= Daylight Saving for South East Queensland Referendum Bill 2010 =

Daylight Saving referendum bill tabled in Queensland Parliament in 2010

The Daylight Saving for South East Queensland Referendum Bill 2010 was a bill tabled in the Queensland Parliament on 14 April 2010, by Independent Member Peter Wellington. Wellington had called for a referendum to be held at the next State election on introduction of daylight saving time for South East Queensland. The Bill proposed a split-time zone for the state of Queensland and had suggested that the local government areas of Brisbane, Gold Coast, Sunshine Coast, Ipswich, Logan, Scenic Rim, Redland and Moreton Bay be included in the daylight saving time zone, while the rest of the state remains on standard time.

==Drafting==
In early 2010, the Daylight Saving for South East Queensland (DS4SEQ) political party approached Wellington to introduce a private member's bill. As Wellington agreed with the principles of the DS4SEQ proposal, specifically the dual time zone arrangement, he drafted the Daylight Saving for South East Queensland Referendum Bill 2010.

==Response==
In response to this bill, Leader of the Opposition John-Paul Langbroek, immediately announced that he would not support the bill, saying "We will not be supporting a referendum on daylight saving," and "I don't want to make an interstate problem an intrastate problem."

The Premier of Queensland, Anna Bligh, announced a community consultation process, which resulted in over 74,000 respondents participating, 64 per cent of whom supported a trial of daylight saving, while 63 per cent were also in favour of holding a referendum. On 7 June 2010, and after reviewing the favourable consultation results, Bligh announced that her Government would not support the bill because regional Queenslanders were overwhelmingly opposed to daylight saving. DS4SEQ called for Bligh and her government to reconsider their position.

The bill was defeated in Queensland Parliament on 15 June 2011.

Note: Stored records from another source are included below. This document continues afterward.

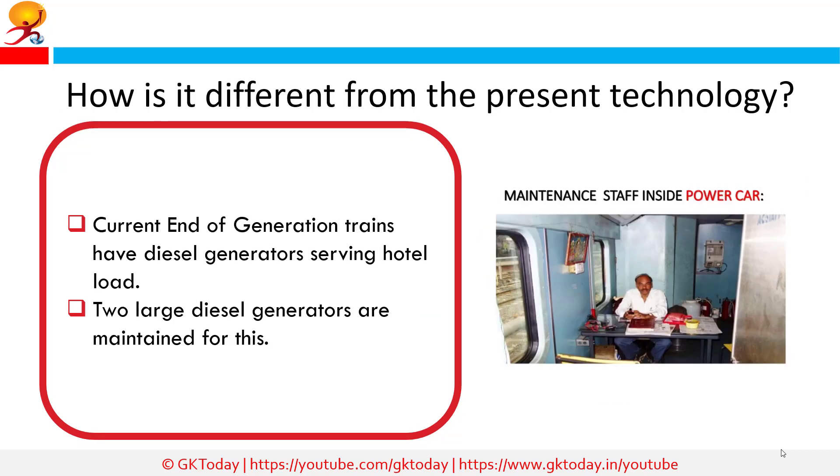How is it different from the present technology? Under the current end-on generation system, the train's hotel load is provided with electricity from two large diesel generator sets which supply 3-phase power at 750V, 50Hz to the entire length of the train. Each coach then picks up the power supply through a 60kVA transformer, bringing down the voltage to 110V at which level the equipment in the compartment is run. The generator cars are attached to either end of the train, giving the system the name end-on generation.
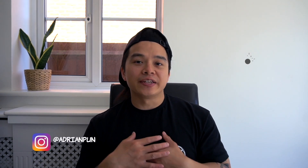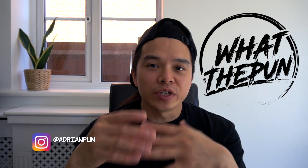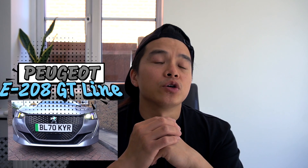What's happening everyone, welcome back, I'm Adrian and this is What The Pun. Today you join me almost a week into my experience with my very first EV, which is the Peugeot e208 GT Line. Today's video I'll be doing a quick update in regards to how I've been getting on with my very first EV. It's a nice car, there are a few little things that bug me about it.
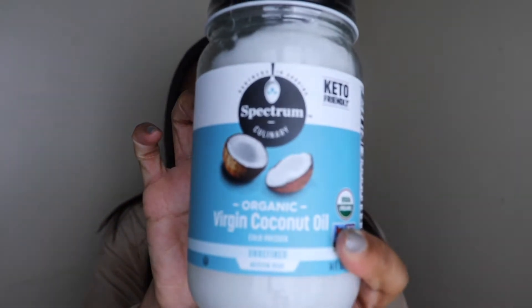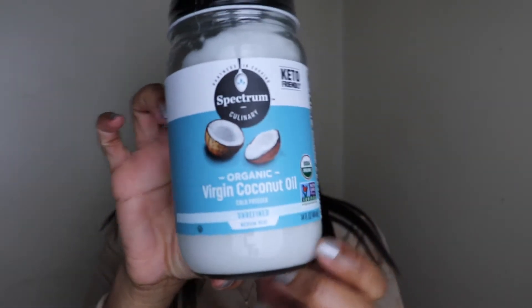I have the Spectrum organic cold pressed unrefined coconut oil. I got this from my local health food store.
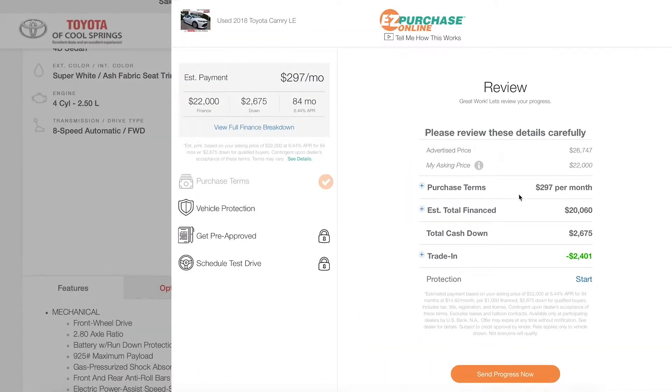For the final step just review all the information carefully and then send your progress and we'll be in touch with you shortly. If you have any questions at all feel free to contact us — we'd love to help you here at Toyota Cool Springs. And remember, it's always time for an excellent deal and an excellent experience.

==Previous daylight saving referendum==
Queensland had had one referendum on daylight saving, held on 22 February 1992, with the question: "Are you in favour of daylight saving?", which was defeated with a 54.5 per cent 'no' vote. The vote on this referendum was after Queensland had trialled daylight saving over a three-year period, from 1989/90 to 1991/92. The referendum result displayed a distinct trend—that public opinion on daylight saving in Queensland is geographically divided, with the 'no' vote strongest in the north and west regional districts, while the 'yes' vote was strongest in the state's metropolitan south-east.